# Online Hijack This logfile Analyzer



## Zaney1 (Aug 6, 2006)

:up: This site is not as accurate as a live person looking at your logfile but it is quick & will locate most problems accurately.
http://www.hijackthis.de/en


----------



## ferrija1 (Apr 11, 2006)

Those things can be really bad and tell you to do things that you shouldn't if you aren't careful. I definitely wouldn't use one, it's not that hard to roughly analyze one yourself.


----------



## flavallee (May 12, 2002)

Do *NOT* use that on-line HijackThis analyzer! Post your log on this forum and then allow the experts to analyze it for you.

-------------------------------------------------------------------------------------


----------



## John Burns (Jul 29, 1999)

flavallee said:


> Do *NOT* use that on-line HijackThis analyzer!
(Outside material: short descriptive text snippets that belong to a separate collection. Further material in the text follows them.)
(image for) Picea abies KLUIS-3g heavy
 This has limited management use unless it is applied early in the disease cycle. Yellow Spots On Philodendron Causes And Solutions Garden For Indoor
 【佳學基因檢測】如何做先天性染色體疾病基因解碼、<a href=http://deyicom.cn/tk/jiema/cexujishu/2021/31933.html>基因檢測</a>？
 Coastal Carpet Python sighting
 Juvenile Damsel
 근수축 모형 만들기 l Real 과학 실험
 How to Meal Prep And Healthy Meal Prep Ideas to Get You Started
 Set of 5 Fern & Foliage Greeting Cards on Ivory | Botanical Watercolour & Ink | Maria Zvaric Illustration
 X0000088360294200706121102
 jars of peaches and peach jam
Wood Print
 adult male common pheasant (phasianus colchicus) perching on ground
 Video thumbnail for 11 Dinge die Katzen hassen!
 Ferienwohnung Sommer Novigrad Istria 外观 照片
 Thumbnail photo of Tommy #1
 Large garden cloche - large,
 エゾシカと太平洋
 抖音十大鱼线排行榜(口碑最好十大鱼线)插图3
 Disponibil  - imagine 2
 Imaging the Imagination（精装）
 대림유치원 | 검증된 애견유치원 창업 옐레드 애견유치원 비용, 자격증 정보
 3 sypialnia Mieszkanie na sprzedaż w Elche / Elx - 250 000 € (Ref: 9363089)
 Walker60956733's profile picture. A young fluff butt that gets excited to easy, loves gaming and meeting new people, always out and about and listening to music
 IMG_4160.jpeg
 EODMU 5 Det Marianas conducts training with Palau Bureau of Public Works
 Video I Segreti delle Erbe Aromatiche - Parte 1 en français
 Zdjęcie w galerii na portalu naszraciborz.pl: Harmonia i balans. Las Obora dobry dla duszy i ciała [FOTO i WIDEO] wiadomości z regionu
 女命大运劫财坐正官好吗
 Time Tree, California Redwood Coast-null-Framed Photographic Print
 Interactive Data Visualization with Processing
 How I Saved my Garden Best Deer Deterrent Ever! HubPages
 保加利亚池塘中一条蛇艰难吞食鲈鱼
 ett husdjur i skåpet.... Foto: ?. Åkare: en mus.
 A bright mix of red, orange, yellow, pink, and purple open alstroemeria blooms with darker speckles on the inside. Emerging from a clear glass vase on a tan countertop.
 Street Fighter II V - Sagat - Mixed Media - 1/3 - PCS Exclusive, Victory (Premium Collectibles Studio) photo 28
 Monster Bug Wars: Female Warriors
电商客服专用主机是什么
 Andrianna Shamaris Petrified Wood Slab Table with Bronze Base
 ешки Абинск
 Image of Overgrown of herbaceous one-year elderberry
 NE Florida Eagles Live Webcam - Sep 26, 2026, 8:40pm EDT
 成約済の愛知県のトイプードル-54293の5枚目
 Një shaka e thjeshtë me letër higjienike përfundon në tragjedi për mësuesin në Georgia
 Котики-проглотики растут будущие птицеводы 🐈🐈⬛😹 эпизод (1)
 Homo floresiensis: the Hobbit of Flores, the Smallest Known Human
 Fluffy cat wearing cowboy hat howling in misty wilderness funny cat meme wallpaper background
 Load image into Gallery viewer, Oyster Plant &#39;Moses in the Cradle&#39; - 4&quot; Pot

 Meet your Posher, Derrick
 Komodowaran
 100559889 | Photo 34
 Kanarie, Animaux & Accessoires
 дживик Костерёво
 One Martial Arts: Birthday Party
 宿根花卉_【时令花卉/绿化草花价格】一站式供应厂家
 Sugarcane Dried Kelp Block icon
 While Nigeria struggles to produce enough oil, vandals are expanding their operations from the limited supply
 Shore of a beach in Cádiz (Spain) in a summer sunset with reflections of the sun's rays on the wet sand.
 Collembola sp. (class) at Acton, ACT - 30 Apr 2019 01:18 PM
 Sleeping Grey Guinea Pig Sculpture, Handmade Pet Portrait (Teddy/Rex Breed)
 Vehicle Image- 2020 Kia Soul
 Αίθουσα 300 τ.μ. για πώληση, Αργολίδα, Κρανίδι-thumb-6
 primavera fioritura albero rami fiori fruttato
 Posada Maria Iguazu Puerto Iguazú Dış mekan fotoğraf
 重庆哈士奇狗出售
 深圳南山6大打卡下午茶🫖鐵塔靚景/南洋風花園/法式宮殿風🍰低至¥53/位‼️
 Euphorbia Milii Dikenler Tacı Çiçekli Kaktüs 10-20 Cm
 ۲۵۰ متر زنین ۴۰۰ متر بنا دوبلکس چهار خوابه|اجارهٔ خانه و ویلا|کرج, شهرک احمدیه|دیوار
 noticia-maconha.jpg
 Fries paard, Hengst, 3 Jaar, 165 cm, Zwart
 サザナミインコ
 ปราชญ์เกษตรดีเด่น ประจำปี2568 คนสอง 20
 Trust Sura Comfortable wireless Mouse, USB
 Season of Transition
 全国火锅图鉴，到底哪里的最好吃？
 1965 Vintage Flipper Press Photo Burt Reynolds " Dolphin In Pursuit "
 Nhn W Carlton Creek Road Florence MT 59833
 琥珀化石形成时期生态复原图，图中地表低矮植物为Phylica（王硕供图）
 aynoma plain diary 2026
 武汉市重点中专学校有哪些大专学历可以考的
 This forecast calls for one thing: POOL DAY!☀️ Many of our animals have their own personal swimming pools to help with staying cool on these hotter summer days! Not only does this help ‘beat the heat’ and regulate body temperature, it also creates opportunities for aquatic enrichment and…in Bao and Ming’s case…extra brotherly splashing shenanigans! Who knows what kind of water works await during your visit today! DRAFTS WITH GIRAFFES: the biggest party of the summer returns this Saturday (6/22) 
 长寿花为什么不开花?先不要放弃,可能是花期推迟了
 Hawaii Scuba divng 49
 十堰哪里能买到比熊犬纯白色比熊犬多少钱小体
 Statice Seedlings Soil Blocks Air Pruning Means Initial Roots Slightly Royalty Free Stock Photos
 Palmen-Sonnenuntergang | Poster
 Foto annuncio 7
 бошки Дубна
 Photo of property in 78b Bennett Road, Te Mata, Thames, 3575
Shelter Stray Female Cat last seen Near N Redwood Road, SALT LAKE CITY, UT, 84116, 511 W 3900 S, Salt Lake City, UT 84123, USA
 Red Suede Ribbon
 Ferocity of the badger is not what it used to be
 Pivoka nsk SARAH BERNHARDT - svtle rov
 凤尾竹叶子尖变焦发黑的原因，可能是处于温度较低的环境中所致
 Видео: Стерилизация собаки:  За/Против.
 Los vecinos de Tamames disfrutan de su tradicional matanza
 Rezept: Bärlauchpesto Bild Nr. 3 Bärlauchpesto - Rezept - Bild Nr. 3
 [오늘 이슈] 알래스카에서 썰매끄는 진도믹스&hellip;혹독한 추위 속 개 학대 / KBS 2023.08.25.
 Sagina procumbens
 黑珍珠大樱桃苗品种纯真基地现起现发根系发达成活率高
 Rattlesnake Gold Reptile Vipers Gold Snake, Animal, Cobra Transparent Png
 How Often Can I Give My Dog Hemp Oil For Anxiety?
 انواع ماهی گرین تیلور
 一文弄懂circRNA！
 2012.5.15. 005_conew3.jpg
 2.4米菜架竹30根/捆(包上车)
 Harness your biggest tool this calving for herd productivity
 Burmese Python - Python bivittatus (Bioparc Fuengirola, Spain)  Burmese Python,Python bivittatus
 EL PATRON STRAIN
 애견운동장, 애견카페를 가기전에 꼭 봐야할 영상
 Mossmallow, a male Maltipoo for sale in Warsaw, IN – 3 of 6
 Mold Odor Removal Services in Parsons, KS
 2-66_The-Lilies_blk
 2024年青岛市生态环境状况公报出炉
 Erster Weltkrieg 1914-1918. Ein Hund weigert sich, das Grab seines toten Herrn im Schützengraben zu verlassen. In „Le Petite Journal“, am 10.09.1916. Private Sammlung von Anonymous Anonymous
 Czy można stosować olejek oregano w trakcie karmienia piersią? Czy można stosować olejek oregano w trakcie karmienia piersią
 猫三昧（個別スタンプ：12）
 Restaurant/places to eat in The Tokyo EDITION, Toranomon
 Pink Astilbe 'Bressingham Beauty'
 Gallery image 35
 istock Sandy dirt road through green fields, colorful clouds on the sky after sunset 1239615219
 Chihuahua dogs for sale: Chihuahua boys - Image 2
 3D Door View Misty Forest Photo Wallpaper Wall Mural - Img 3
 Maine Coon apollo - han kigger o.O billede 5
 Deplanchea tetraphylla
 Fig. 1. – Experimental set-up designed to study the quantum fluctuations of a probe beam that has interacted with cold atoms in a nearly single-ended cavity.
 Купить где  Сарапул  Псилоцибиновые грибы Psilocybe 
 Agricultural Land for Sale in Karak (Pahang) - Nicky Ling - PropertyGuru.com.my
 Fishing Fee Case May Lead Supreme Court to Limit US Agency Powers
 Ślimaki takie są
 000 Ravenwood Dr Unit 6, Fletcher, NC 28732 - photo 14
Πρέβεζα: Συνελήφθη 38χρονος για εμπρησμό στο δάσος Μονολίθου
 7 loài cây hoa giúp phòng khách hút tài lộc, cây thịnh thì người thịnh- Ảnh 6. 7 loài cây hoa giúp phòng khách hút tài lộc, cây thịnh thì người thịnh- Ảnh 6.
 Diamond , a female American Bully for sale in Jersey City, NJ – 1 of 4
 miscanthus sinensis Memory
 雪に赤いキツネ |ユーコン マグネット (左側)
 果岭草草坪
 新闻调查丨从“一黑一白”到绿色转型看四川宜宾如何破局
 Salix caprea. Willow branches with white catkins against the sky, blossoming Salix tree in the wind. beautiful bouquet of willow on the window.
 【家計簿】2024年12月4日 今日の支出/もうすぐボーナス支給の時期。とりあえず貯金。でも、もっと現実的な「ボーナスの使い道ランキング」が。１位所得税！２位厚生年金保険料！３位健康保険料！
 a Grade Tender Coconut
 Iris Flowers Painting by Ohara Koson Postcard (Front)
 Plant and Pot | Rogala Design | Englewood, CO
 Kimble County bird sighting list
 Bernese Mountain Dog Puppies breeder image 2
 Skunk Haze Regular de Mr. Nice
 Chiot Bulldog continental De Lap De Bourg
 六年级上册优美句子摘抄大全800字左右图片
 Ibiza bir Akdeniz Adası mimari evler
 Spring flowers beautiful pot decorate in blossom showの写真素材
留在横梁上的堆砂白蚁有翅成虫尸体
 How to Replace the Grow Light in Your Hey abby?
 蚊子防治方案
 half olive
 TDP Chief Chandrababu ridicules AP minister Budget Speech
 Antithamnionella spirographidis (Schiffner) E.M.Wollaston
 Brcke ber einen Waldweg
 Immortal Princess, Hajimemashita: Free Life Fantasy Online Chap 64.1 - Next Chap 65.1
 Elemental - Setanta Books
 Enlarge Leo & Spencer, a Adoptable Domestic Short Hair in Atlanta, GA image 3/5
Post your log on this forum and then allow the experts to analyze it for you.
> 
> -------------------------------------------------------------------------------------


I agree, flavallee - however, I use the site occassionally to just roughly look at my log - to determine questionable items - then post in here so I have a little more insight before I post the log. But, I never use it to delete or change anything.


----------



## hewee (Oct 26, 2001)

I am like John and use the sites only to see what it says.
Posting it here to find out more is the best thing you can do.
Then once you know you have a good clean log save it and make a note at the top that this log is clean. 
Now you can just look at your new log and see what new thing are added.


----------